Historic district in Georgia, United States

The East Rome Historic District, in Rome, Georgia, is a historic district which was listed on the National Register of Historic Places in 1985. The listing included 112 contributing buildings on 60 acre.

The district is mostly residential. It is roughly bounded by Walnut Ave., McCall Blvd., E. 8th and 10th Streets in Rome. It includes a commercial area around the intersection of East 8th and Second Avenue plus the northern end of Maple Avenue. This area includes a two-story brick former fire station, a frame retail building, and some former residences now used commercially.
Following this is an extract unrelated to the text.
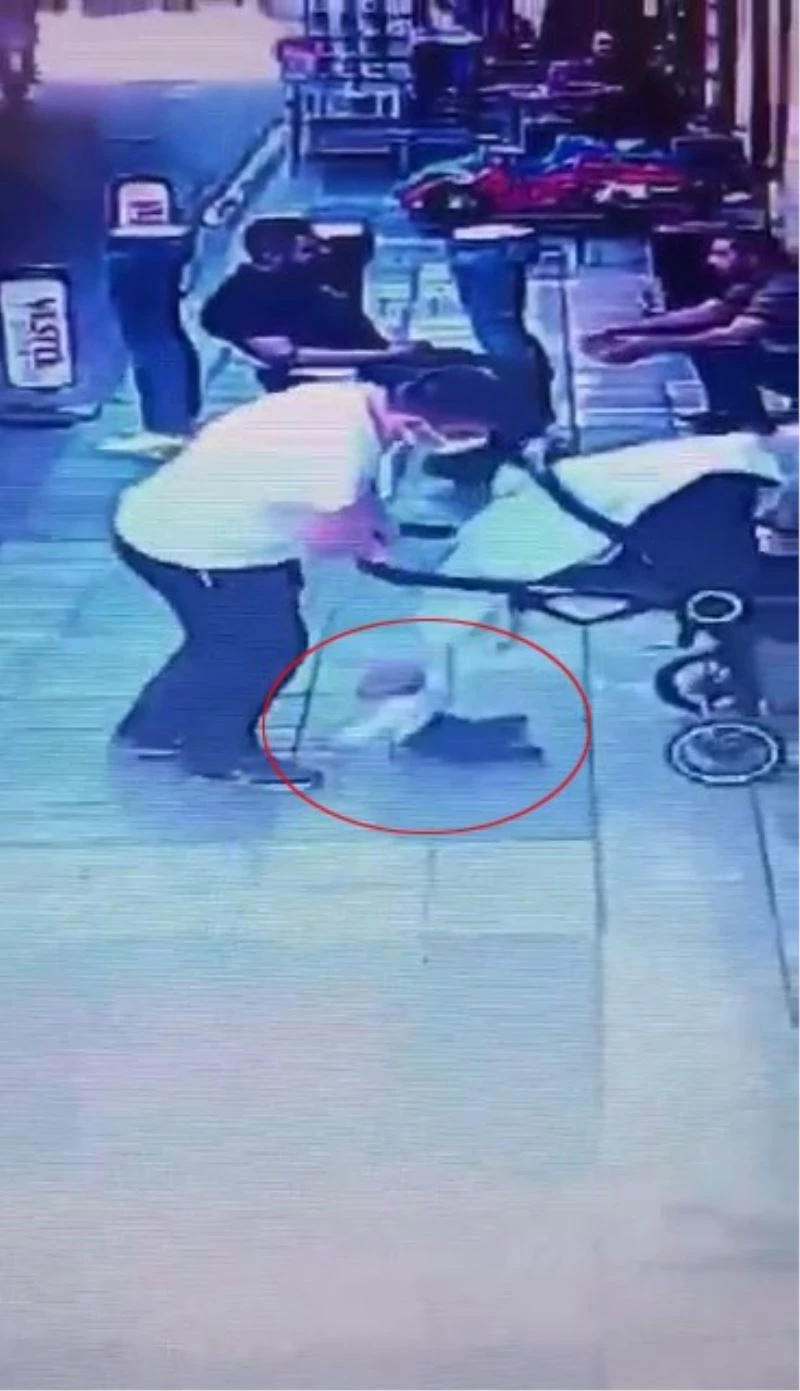  Dalgın baba bebeği arabasından düşürdü: O anlar kamerada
Another small commercial section is on Maple Avenue is by the railroad, around the former site of the depot; it includes brick buildings.

The residential architecture of the district includes Victorian, Queen Anne, Second Empire, Georgian Revival, Bungalow/Craftsman, and Period Styles. One of the most elaborate Victorian ones is the Colonel Hamilton
Yancey Residence in the Second Empire style.